It’s an obscure, nuanced question, causing few to notice the dilemma faced by the master who is also a servant. And while in most past cases the Commissioner has found a way to solve problems without making conspicuous the delicate ground on which he often treads, the recent bungling of cases like the Ray Rice fiasco and #DeflateGate eventually will cause someone with real political power to notice the fundamental flaw in the structure of the league — and to suggest a solution that would entail a greater degree of independence for the Commissioner.

For the NFL (and other pro sports), a truly independent governing body would be the only way to reliably ensure that all problems would be handled consistently and all franchises treated fairly, without regard to friendship or influence or other factors that could cause a Commissioner to exercise discretion in a way that protects and/or advances the Commissioner’s relationship with a given owner. As it now stands, the NFL (and other pro sports) have a Commissioner who at times pretends to be the representative of all interested constituencies when, in reality, he’s the guy working for the folks who own the teams.

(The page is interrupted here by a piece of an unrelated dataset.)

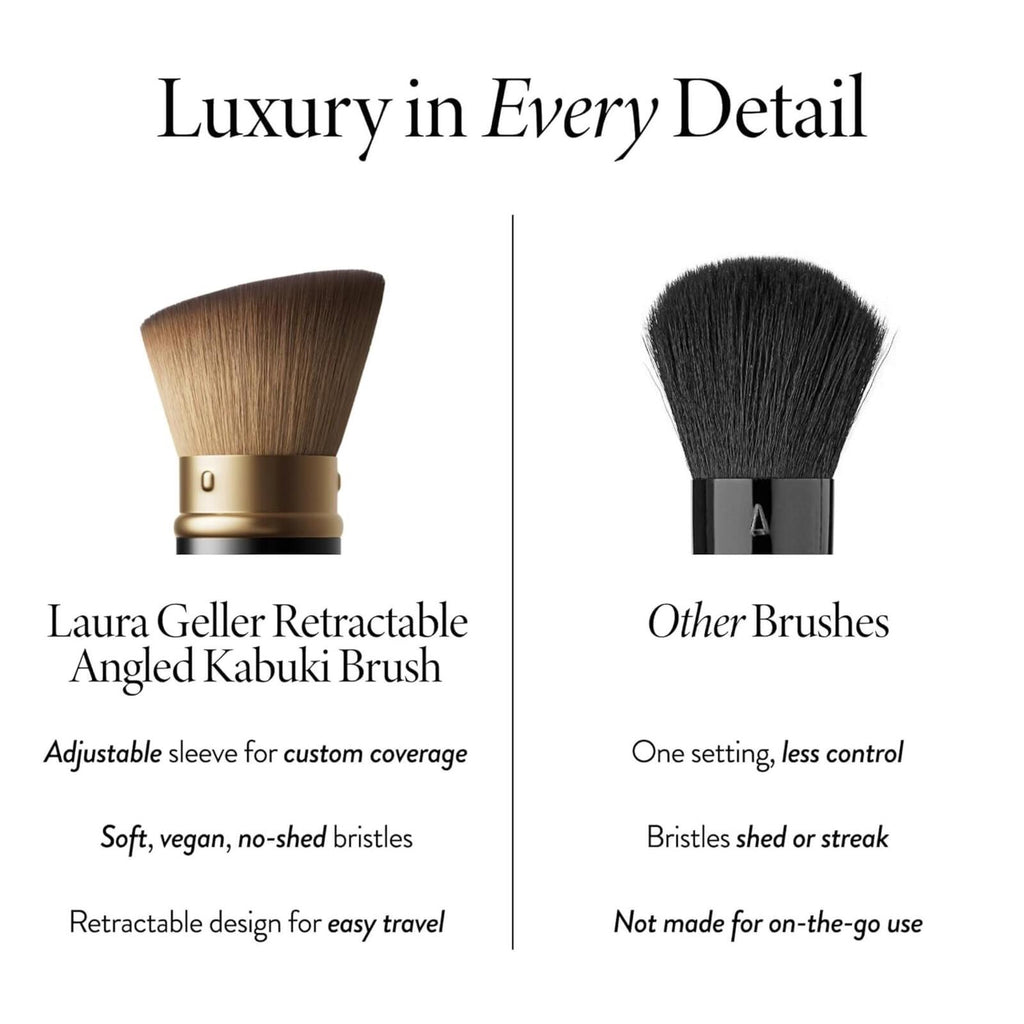 Retractable Kabuki Brush – Powder Cream Liquid Flawless Blend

While an election process for Commissioner, with owners, players, coaches, and maybe others voting on the person who would rule the sport, would create plenty of challenges, a broadening of the pool of people who pick the Commissioner would help to alleviate the obvious problem faced by someone who is expected to impose discipline against someone who has a direct, 1/32nd voice in the compensation and/or ongoing employment of the Commissioner. The far bigger wildcard for the NFL (and other pro sports) would arise from a decision by Congress to create an office or a board responsible for supervising the sport, enforcing the rules, and punishing those who cheat.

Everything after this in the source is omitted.